Eric came up with a design (added to User Level Python APIs) for loop resolution. Led to a discussion of a loop dispatch mechanism. perhaps we define loops for contiguous, 1d, and general ndarrays
Topics to discuss:
- Maybe go through ufunc from start to finish
- For use cases of categorical, units, ragged array, ... dtypes
- What to do with flexible dtypes
- Casting, promotion rules
- Ressurect the subtype PR and close the Metaclass PR
- Backward compatibility
- Provide a function to allocate `PyArray_Descr`
- Anyone using the current stack-allocated PyArray_Descr is supposed to call `Py*Register`, use this to mark it as *old*
- What is the python API for overriding/registering ArrFuncs
- `PyArray_Result()` decays arrays into scalars which casts them into non-dtype things: allow passing a flag to out that will not decay
Discussion of Numpy 2.0 from the [wiki page](https://github.com/numpy/numpy/wiki/Backwards-incompatible-ideas-for-a-major-release)
Discussion of `__numpy_implementation__`
### Afternoon
3-4 call with Kevin Sheppard about random generator refactor (mattip lead)
https://github.com/numpy/numpy/issues/13164
[Concerns about new random APIs](https://hackmd.io/E68kqcDZSKyuhmlY0kK3Sg)
An interesting alternative design: [`jax.random`](https://github.com/google/jax#random-numbers-are-different)
##### Names
What should we call the `brng` and `RandomGenerator` classes
- brng can be Sampler or RandomSample: BitGenerator bit_generator
- `RandomGenerator` suggestions? np.random.Generator
##### Exposing APIs
Do we need to expose
- np.random.gen
- Pro: easy to use
- Con: anti-pattern
- Change the module level functions in np.random.* to notice when a seed is set: not really a good idea.
- Deprecate np.random.seed, add a np.random.legacy namespace.
- np.random.gen.brng.generator
- Consensus: Remove this.
##### Multithreaded best practices
[doc](https://6868-908607-gh.circle-artifacts.com/0/home/circleci/repo/doc/build/html/reference/random/multithreading.html)
`rng.jump()` -> `rng.jumped()` which returns a new instance
https://github.com/google/jax#random-numbers-are-different
##### What to do with ...
- `random_integers` which should be deprecated?
- conclusion:
- Remove matlab-compatible `.rand` and `.randn`
- Remove `random_integers`
- `randint` -> integers, remove usemask (force to faster), add boolean`endpoint` kwarg with default False
- `random_sample` -> `random`
- Apache2 license of pcg32, pcg64
- "axis"-based kwarg to choice? something we should consider?
- perhaps we should hold off on the axis idea for now; interaction with size is confusing?
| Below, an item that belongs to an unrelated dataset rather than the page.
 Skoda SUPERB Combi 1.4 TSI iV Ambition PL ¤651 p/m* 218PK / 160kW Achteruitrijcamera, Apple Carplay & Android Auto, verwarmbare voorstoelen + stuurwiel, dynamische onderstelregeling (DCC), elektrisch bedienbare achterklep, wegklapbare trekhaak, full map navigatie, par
If both are specified, we should require size is an integer or raise.
- Do whatever `take` does, and just point to its documentation
- check that the documentation of the default matches the brng default for Generator
## Sat May 11
### Morning
* Get core contributor PR list down
* Write some NEP skeletons in "working groups"
* `dtype`/`ufunc` NEP
* Required: Eric, Sebastian
* Indexing NEP (almost done)
* Required: Stephan
* RandomGen NEP (almost done)
* Required: Matti
* Am I missing any?
### Afternoon
* `uarray` discussion (Hameer), if there's interest
* Explanation of features/API.
* Matti's comment: It's useless without a back-end
* That could be changed...
* Possible use-cases (I'm open to suggestions)
* Related to duck-array discussion
* Related to `ufunc`/`dtype` discussion
* ...
* Possible modifications to adapt to said use-cases
* Uses drive development, not the other way around.
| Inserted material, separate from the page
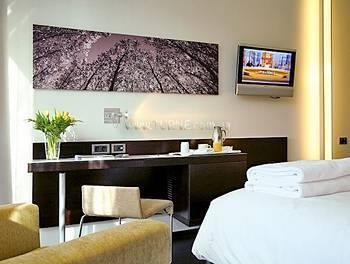 Отель Torre Arias 4*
* NEP if there is interest.
* NumPy 2.0 --- Path forward? (Hameer, Stephan, ...)
* Question:
* Should NumPy 2.0 just be like current NumPy releases, perhaps 1-2 years of changes coming in one release?
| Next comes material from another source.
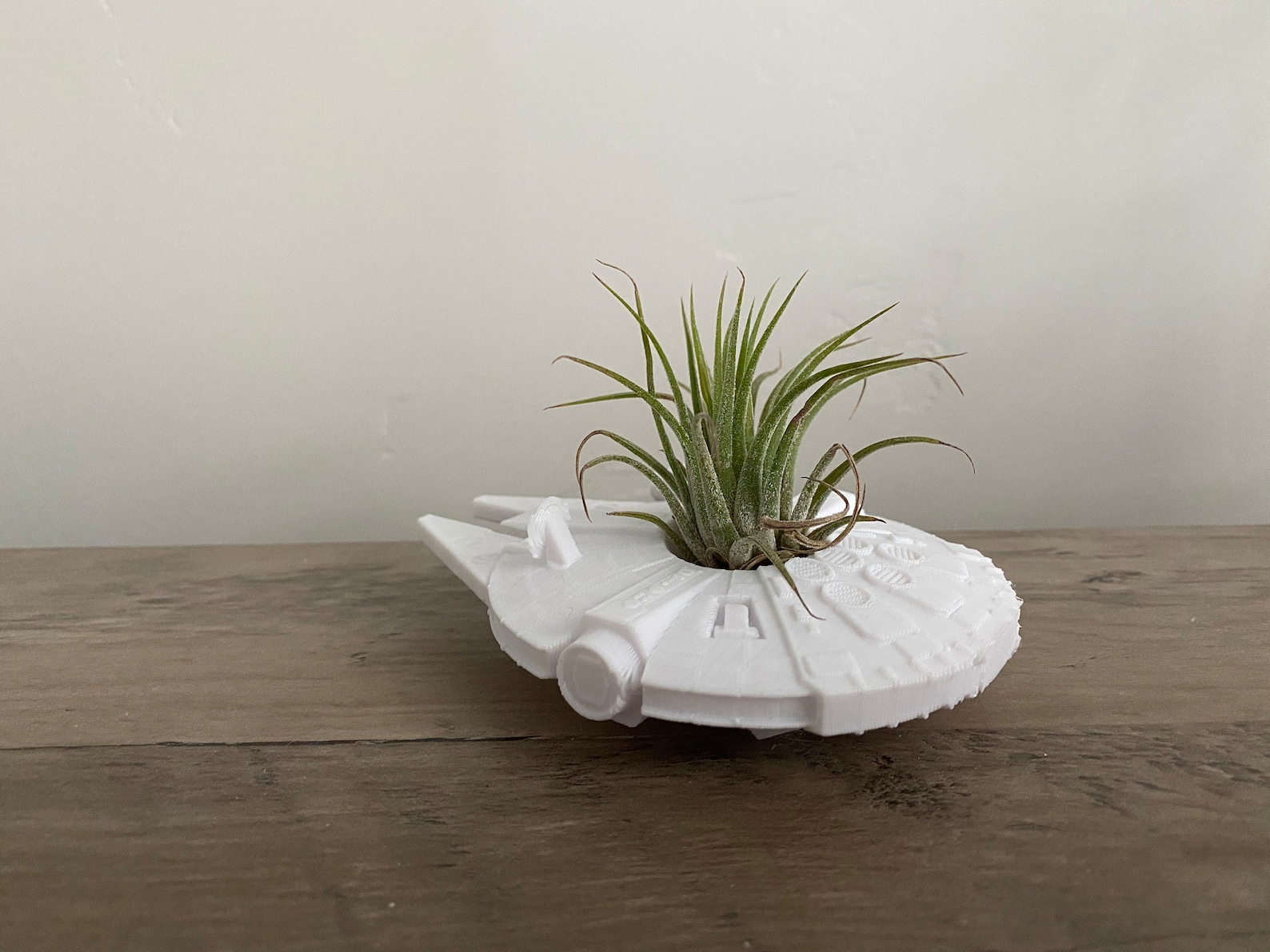 SW Millennium Falcon Air Plant Display Desk Planter 2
* Or should NumPy 2.0 be willing to break backwards compatibility in a more serious way, e.g., by removing scalars. If we're willing to consider this, we might require writing `import numpy2`.
* Targets:
* Less than x% of people should be affected.
* Things should become *easier*.
* Should remove major maintenance bottlenecks
* Like the ArrFuncs struct, ideally
* When should we do this?
* Set a target or defer indefinitely?
* Do we want to change some of our policies for 2.0?
* Right now the policy is basically a one loud voice can block progress.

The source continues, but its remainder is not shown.